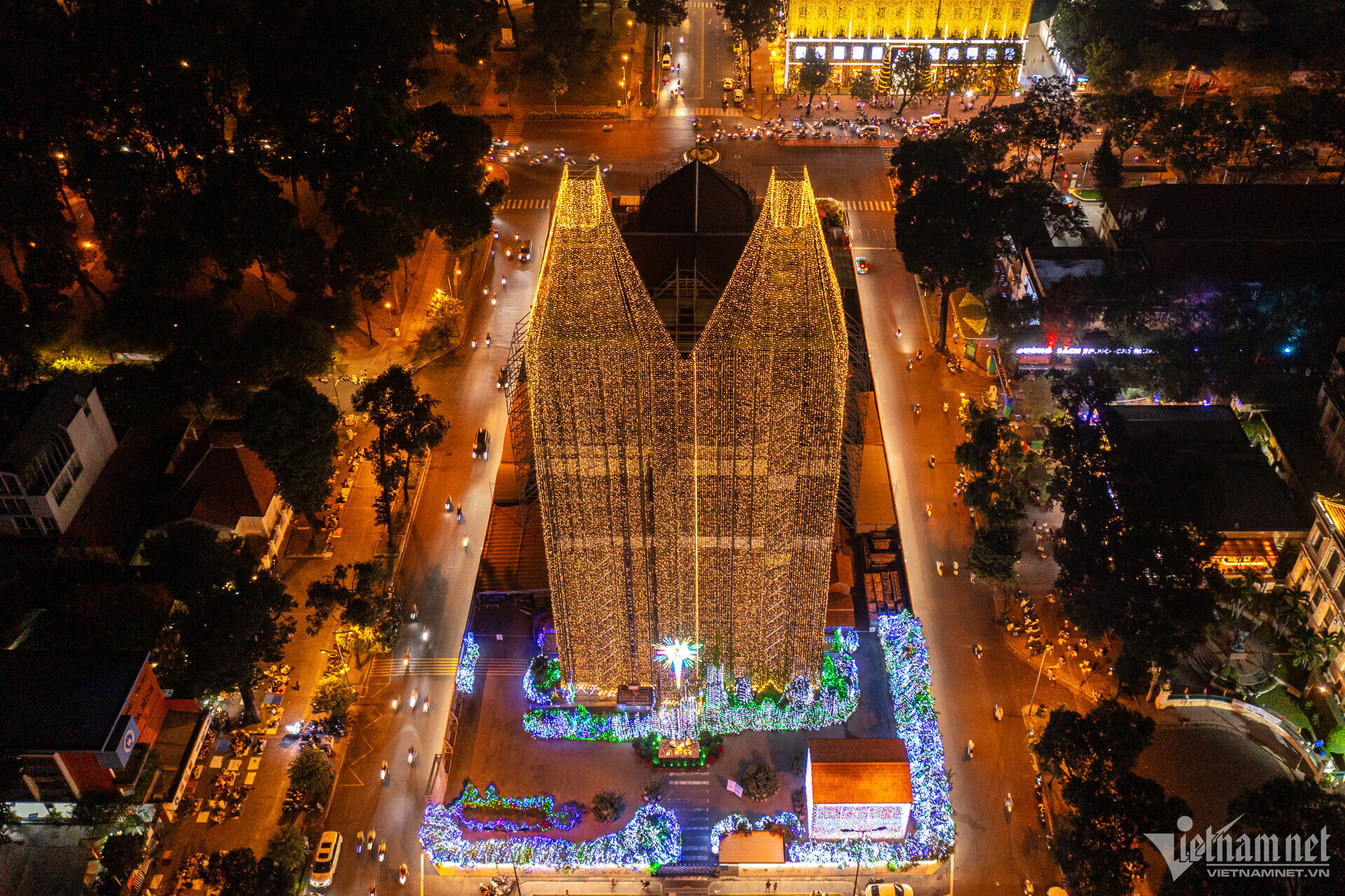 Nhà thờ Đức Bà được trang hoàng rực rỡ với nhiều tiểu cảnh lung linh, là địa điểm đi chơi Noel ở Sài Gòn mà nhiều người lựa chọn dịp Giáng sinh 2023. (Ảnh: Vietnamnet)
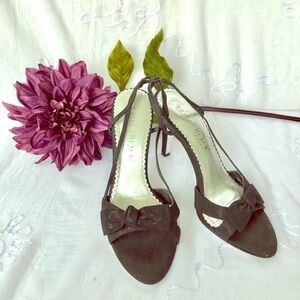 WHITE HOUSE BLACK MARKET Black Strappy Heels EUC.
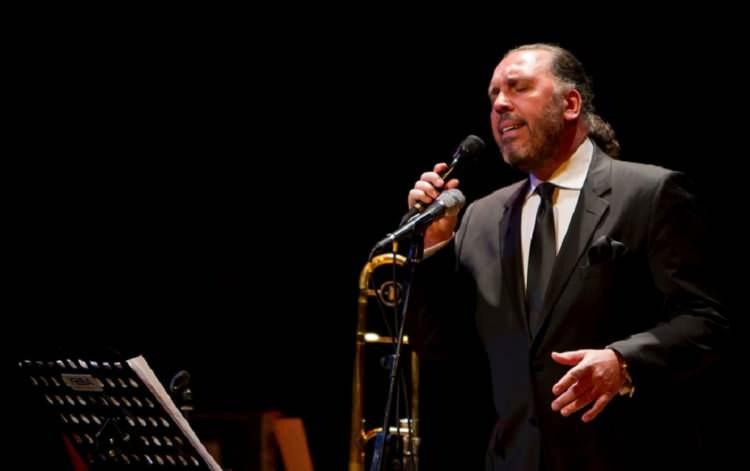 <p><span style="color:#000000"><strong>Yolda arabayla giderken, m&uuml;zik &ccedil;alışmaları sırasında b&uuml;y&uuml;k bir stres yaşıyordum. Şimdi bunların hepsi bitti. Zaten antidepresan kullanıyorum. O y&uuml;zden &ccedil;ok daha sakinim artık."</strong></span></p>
══════════════════════════════
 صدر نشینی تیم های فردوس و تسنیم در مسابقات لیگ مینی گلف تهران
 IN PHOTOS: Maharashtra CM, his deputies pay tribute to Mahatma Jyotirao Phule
══════════════════════════════
**Task brief**
All pictures are to be skipped. Output, word for word, the lines in the data above starting at the line containing "WHITE HOUSE BLACK" and ending at the line containing "arabayla giderken, m&uuml;zik".

**Task output**
 WHITE HOUSE BLACK MARKET Black Strappy Heels EUC.
 <p><span style="color:#000000"><strong>Yolda arabayla giderken, m&uuml;zik &ccedil;alışmaları sırasında b&uuml;y&uuml;k bir stres yaşıyordum. Şimdi bunların hepsi bitti. Zaten antidepresan kullanıyorum. O y&uuml;zden &ccedil;ok daha sakinim artık."</strong></span></p>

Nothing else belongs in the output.